Captioned web image data
========================================
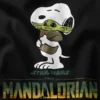 Baby Yoda Good Morning Snoopy Mandalorian Graphic Merch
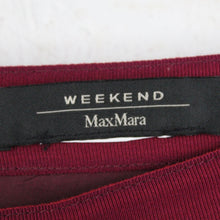 Laden Sie das Bild in den Galerie-Viewer, Second Hand MAX MARA WEEKEND Rock Gr. 40 weinrot Midirock (*)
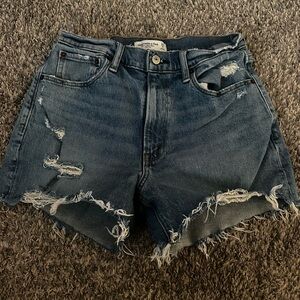 Abercrombie Distressed Denim Shorts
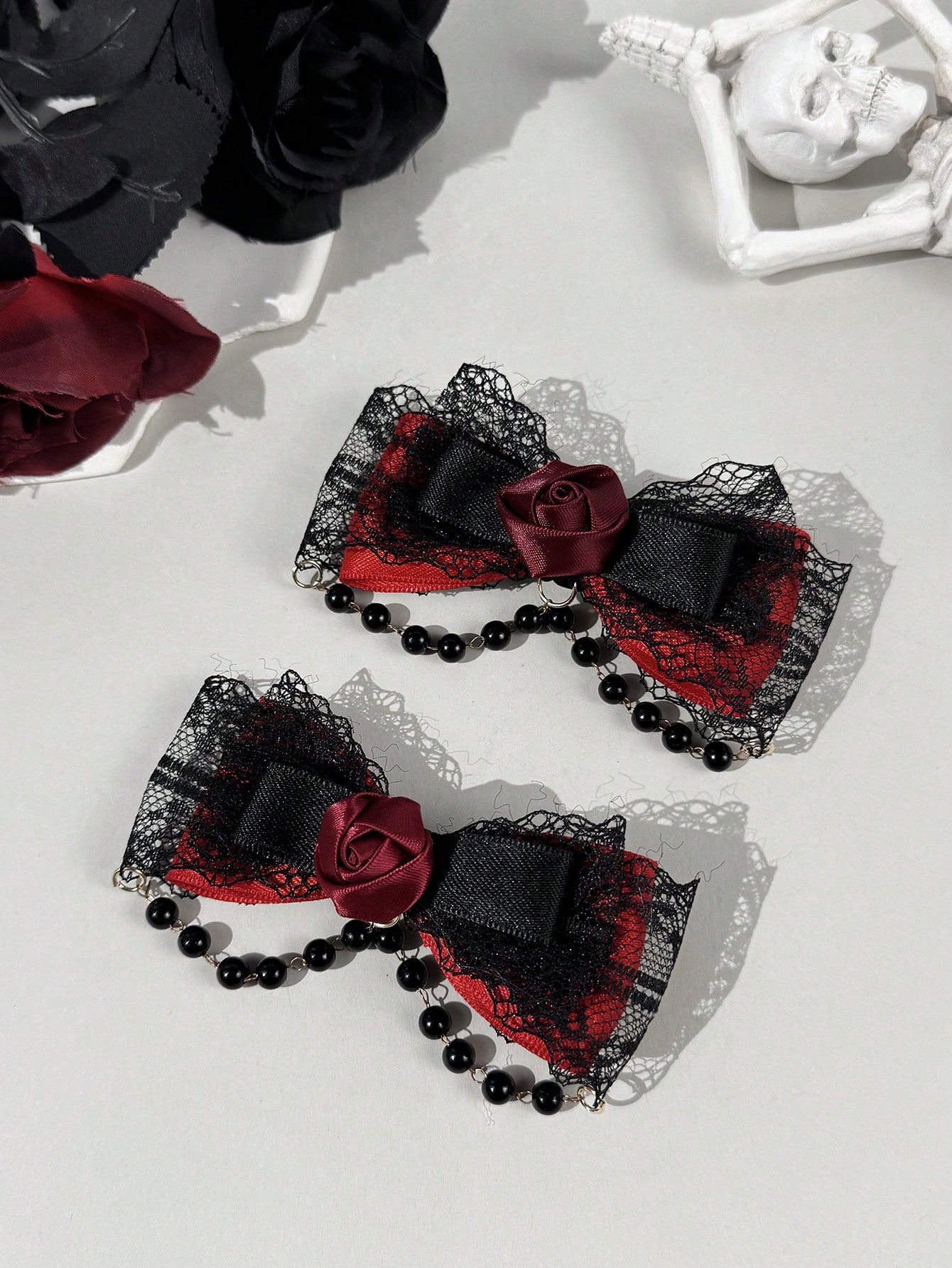 2-piece Gothic style lace ribb - Lace Ribbon Trim review and price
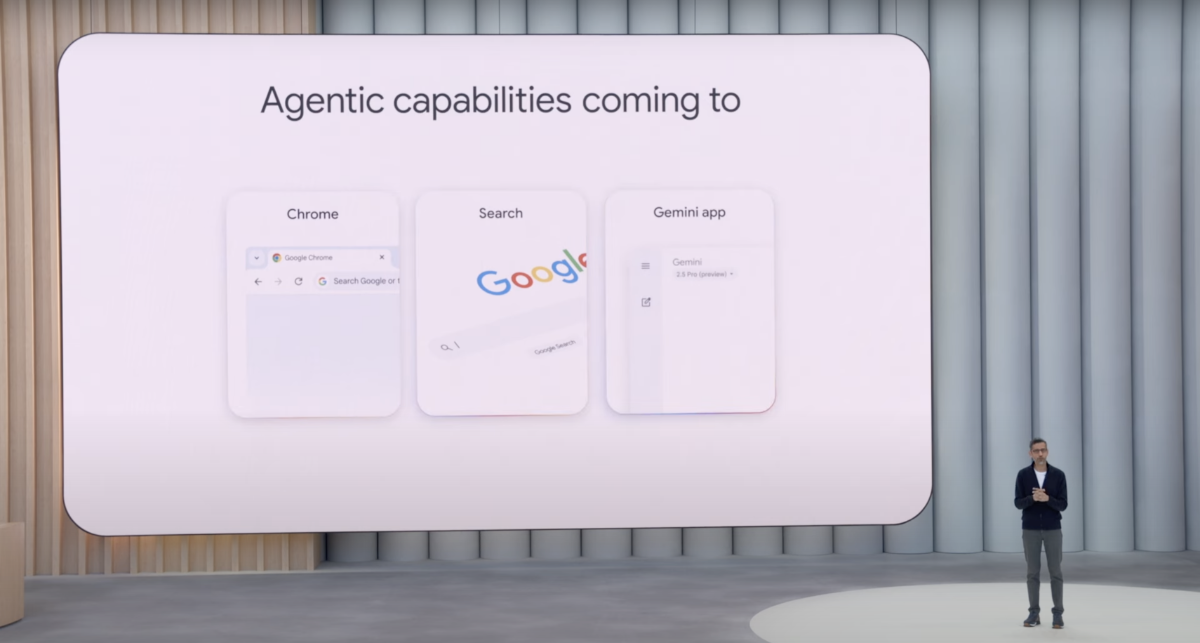 Google nỗ lực t&iacute;ch hợp nhiều t&iacute;nh năng AI trong Google Search suốt một năm trở lại đ&acirc;y.&nbsp;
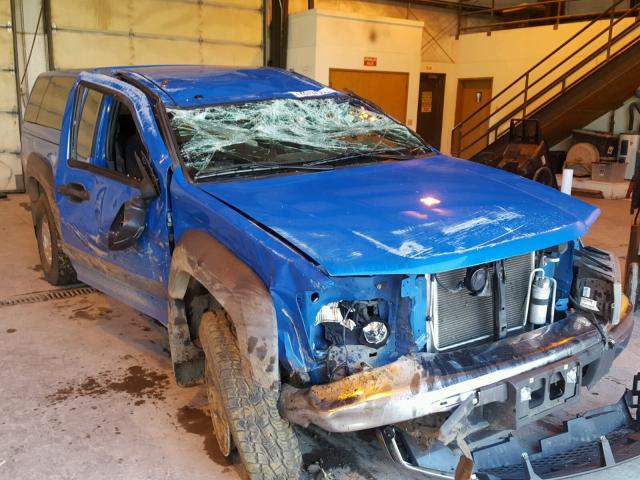 1GCDT19E078112256 - 2007 CHEVROLET COLORADO BLUE photo 1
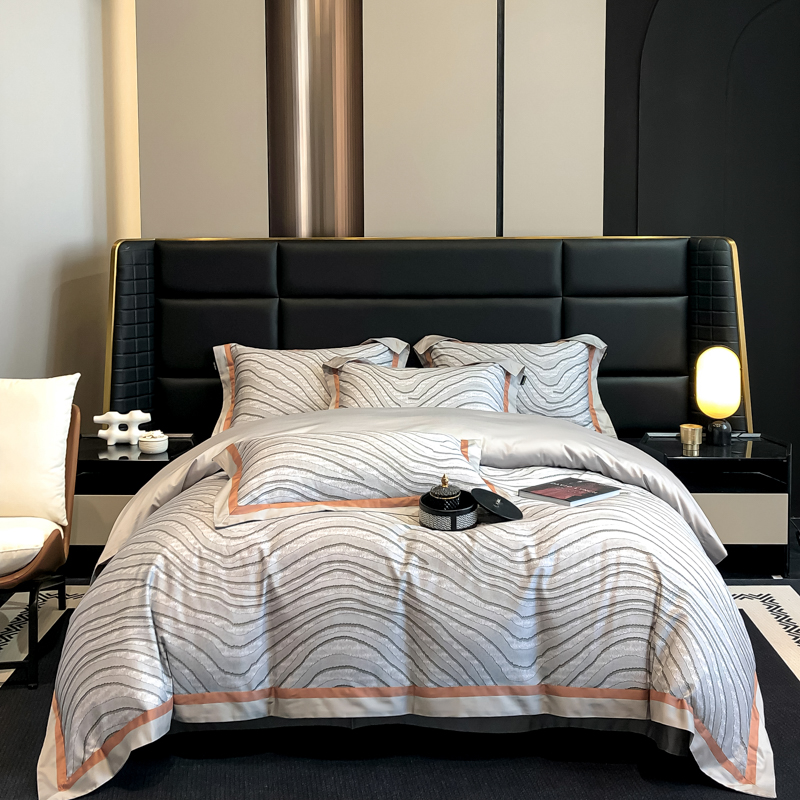 2025新款邂逅全棉数码印花四件套高级感100棉亲肤舒适高端四件套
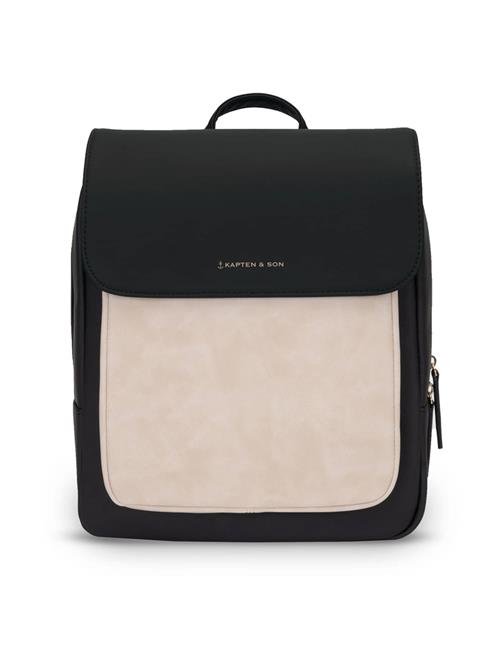 Kapten & Son Rygsæk 'Tromso Small Cream Black'  creme / sort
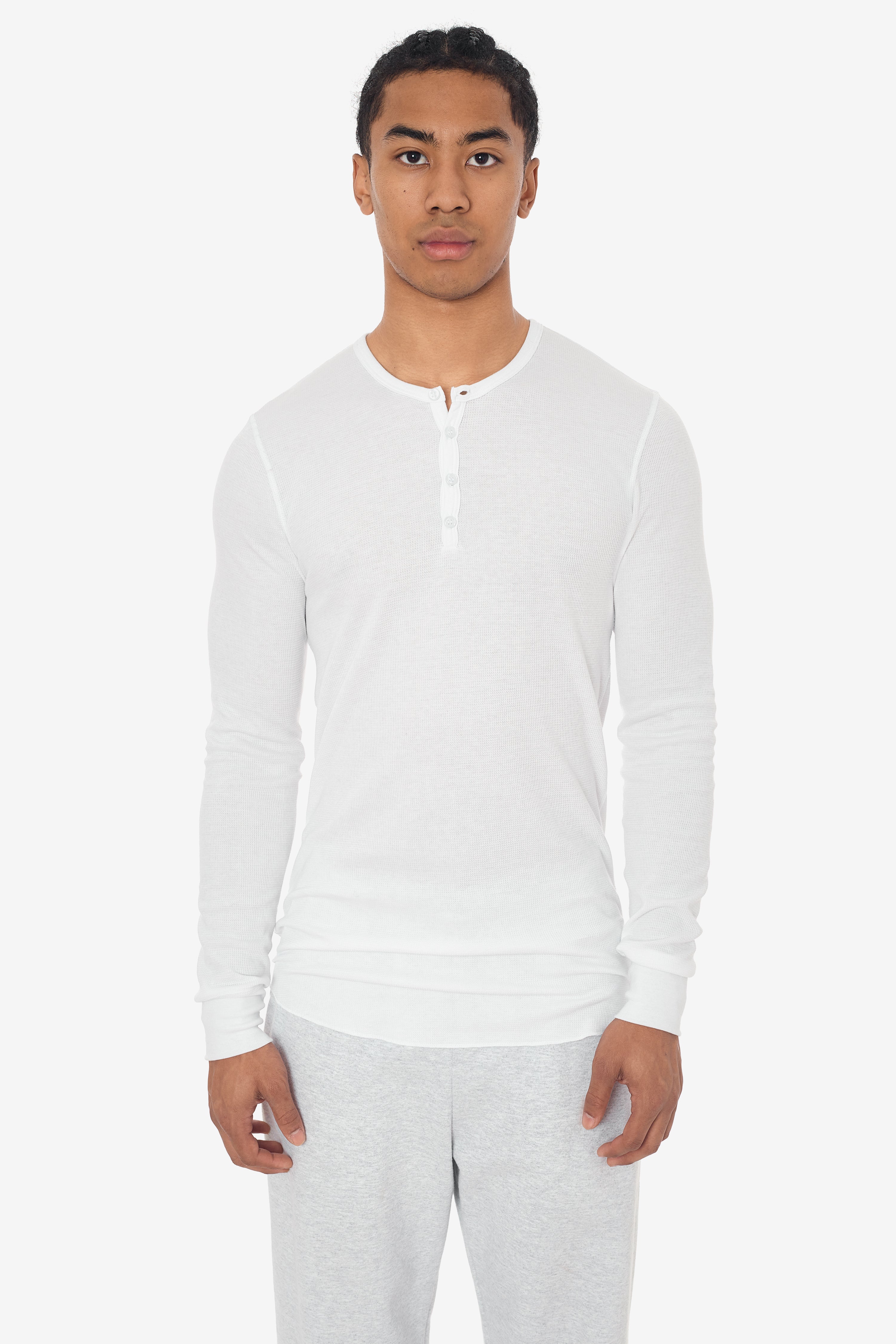 TX458GD - Long Sleeve Heavy Thermal Heritage Henley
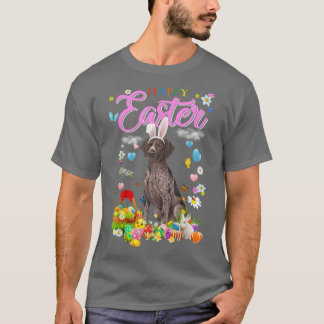 Bunny German Shorthaired Pointer Dog Happy Pasen T-shirt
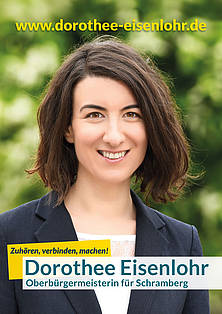 Dorothee Eisenlohr strahlt vom Wahlplakat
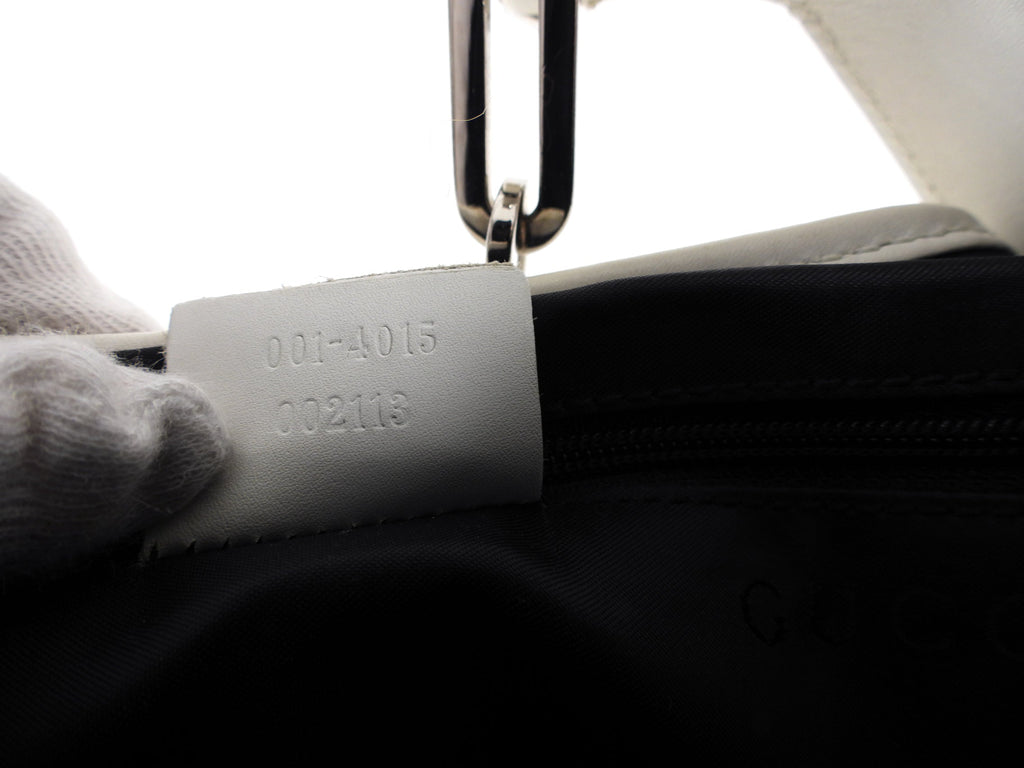 Gucci Tom Ford Era White Leather Jackie O Hobo Bag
========================================
The task:
Leave out the pictures and copy exactly the lines from the one with "2-piece Gothic style" through the last line of the records above.

Response:
 2-piece Gothic style lace ribb - Lace Ribbon Trim review and price
 Google nỗ lực t&iacute;ch hợp nhiều t&iacute;nh năng AI trong Google Search suốt một năm trở lại đ&acirc;y.&nbsp;
 1GCDT19E078112256 - 2007 CHEVROLET COLORADO BLUE photo 1
 2025新款邂逅全棉数码印花四件套高级感100棉亲肤舒适高端四件套
 Kapten & Son Rygsæk 'Tromso Small Cream Black'  creme / sort
 TX458GD - Long Sleeve Heavy Thermal Heritage Henley
 Bunny German Shorthaired Pointer Dog Happy Pasen T-shirt
 Dorothee Eisenlohr strahlt vom Wahlplakat
 Gucci Tom Ford Era White Leather Jackie O Hobo Bag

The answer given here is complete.